Олег Смолин: Георгий, помните, как говорил Жванецкий: «Будет ли так поступать нормальный человек? Нормальный не будет, а умный будет». Задача была поставлена вполне конкретная: закрыть, примерно, 30 процентов российских вузов.
Георгий Бовт: Любых?
Олег Смолин: Всяких.
Георгий Бовт: Хороших, плохих…
Олег Смолин: Понимаете, видимо, авторы мониторинга уверены, что он позволяет отделить зерна от плевел. На самом деле, подавляющее большинство показателей не имеют к образованию или к образовательным результатам никакого отношения. Я говорил министру образования и науки и членам межведомственной комиссии, например, такую вещь: коллеги, ладно, я понимаю, есть логика в том, что ввели критерий трудоустройства выпускников. Но вы же его поставили на уровень 99,5 процента трудоустройства. Я не знаю такой страны, где бы 99,5 процента выпускников были трудоустроены. Во всем мире на первом году после выпуска процентов 75 в хорошем случае трудоустраиваются.
Георгий Бовт: Даже в Гарварде не 99.
Олег Смолин: Абсолютно. Как удается в России еще такие показатели давать, остается только удивляться.
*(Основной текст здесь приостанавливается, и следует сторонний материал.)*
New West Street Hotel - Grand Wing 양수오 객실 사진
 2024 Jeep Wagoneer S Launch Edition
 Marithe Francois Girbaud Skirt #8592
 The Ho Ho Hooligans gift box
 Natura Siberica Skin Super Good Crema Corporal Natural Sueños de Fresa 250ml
Я уже не говорю о других всяких вещах, когда науку измеряют в рублях. Повторяю, ни в открытиях, ни в изобретениях…
Георгий Бовт: Ну, это сейчас общая тенденция.
Олег Смолин: Общая тенденция – все в рублях.
Георгий Бовт: В рублях – проще.
Олег Смолин: Все в рублях – проще. Вот поэтому я раньше думал, что этот мониторинг, по крайней мере, позволяет отделить богатые вузы от небогатых. Нет, знаю несколько регионов, где я был, специально ходил в вузы. Явно видно, какой вуз богаче и сильнее, но он по мониторингу оказывается с признаками неэффективности. А рядом другой – слабее и беднее, оказывается по мониторингу эффективным. Как это вообще происходит, тайна сия велика есть. Короче, тогда, я напомню, что скандал был действительно грандиозный, потому что редкий случай, когда и зам. мэра Москвы Леонид Печатников, и руководитель московского образования Исаак Калина, и наши депутаты, причем из правящей партии – Николай Булаев и Александр Хинштейн в конце концов покинули заседание рабочей группы, которая рассматривала московские вузы. В общем, шум стоял большой. В итоге, как я понимаю, из 21 10 вузов из числа с признаками неэффективности исключили. Что касается общего решения, то оно, конечно, достаточно мягкое: в итоге на МВК оказалось, может быть, и скандалы этому помогли. А именно, первое: обратили внимание учредителей госвузов на то, что у них есть признаки якобы неэффективности. И второе – пожаловались учредителям негосударственных вузов, как правило, ректорам, на сами же вузы. Параллельно, соответственно, поручили Ассоциации негосударственных вузов проработать этот вопрос. Ну и плюс, Рособрнадзор – внеочередные проверки. Пока вроде бы отделались легким испугом. Но я знаю примеры, – не хочу называть вузы, чтобы их как-то не подставлять. Например, в Калининграде закрывается филиал одного из московских вузов, который давал 20 процентов специалистов не в юриспруденции, не в экономике – в информатике. Мы вообще, как модернизацию собираемся проводить?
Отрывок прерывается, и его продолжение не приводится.